Michele Placido utilizza l’escamotage dell’indagine per ripercorrere gli episodi salienti della vita di Michelangelo Merisi e per mostrare il modo in cui gli incontri fatti dall’artista siano riflessi nella sua opera.
C’è molto della personalità di Placido, che nel film si ritaglia il ruolo di un cardinale libertino, in questo Caravaggio: la carnalità trasgressiva, la passionalità focosa, il temperamento sanguigno, persino il gusto della provocazione. Per contro l’indagatore, interpretato da Louis Garrel, è algido, distaccato e fanaticamente religioso, una vera e propria ombra per l’artista che invece agisce sempre alla luce del sole, mettendoci la faccia, costi quel che costi.
Di luce e di ombra è fatto il film di Placido, scritto insieme a Sandro Petraglia e a Fidel Signorile, e la fotografia di Michele D’Attanasio evoca quel contrasto fra oscurità diffusa e illuminazione mirata che è caratteristica saliente della pittura del Caravaggio: una fotografia magnifica e coraggiosa che trae il meglio dall’ottimo lavoro di scenografia e costumi (di Tonino Zera e Carlo Poggioli), creando una sintesi pittorica fra l’opera caravaggesca e l’estetica cinematografica.

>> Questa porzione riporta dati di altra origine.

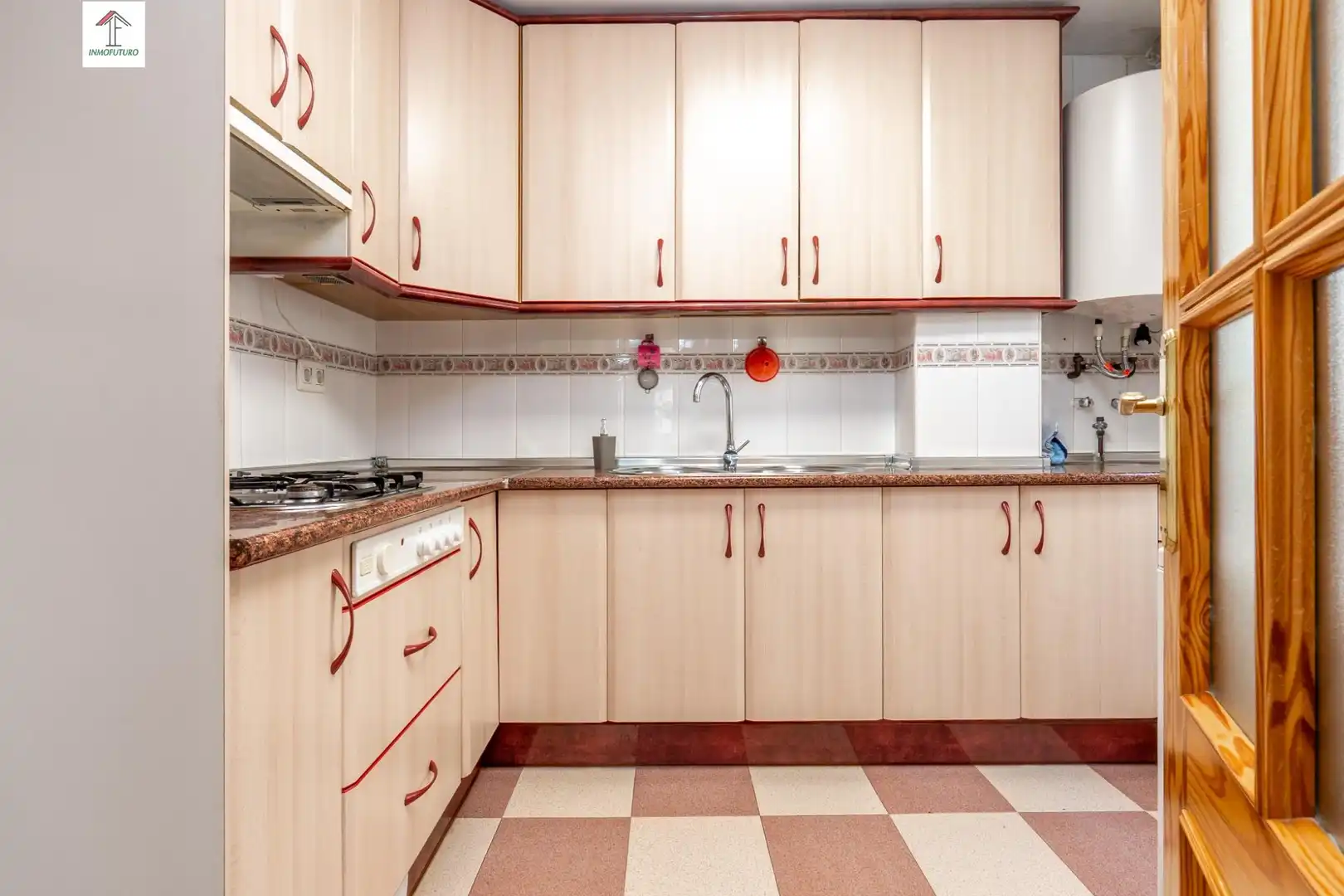 Cocina de Piso en venta en Ogíjares con Aire acondicionado, Calefacción y Amueblado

La regia di Placido invece calca eccessivamente la mano su ogni scena e reitera all’infinito il messaggio sulla libertà dell’artista che ha il dovere di raccontare la verità senza adeguarsi alle pressioni esterne, in questo caso la finzione di matrice religiosa imposta dalla Chiesa e un’Accademia manierata e conservatrice. È facile vedere in questo una presa di posizione personale di Placido, spesso a disagio nel rispettare le convenzioni e le restrizioni del cinema italiano.
Il tentativo di mutuare il linguaggio del tempo con quello contemporaneo ottiene spesso effetti stranianti: frasi come “Dov’è che vai?” o “Ma non dobbiamo scopà?” e “Aò” (detti da un lombardo com’era Caravaggio) risultano inappropriate nel contesto secentesco. Anche gli incontri fra Merisi e alcune figure del suo tempo, soprattutto Giordano Bruno, appaiono didascalici, così come molti discorsi sull’arte e la morale, come quello che vede Caravaggio e l’investigatore a diretto confronto. E Riccardo Scamarcio sembra a disagio nell’interpretare una figura descritta in maniera agiografica in quanto le vengono attribuiti sentimenti e intenti invariabilmente nobili malgrado la condotta rissosa e libertina.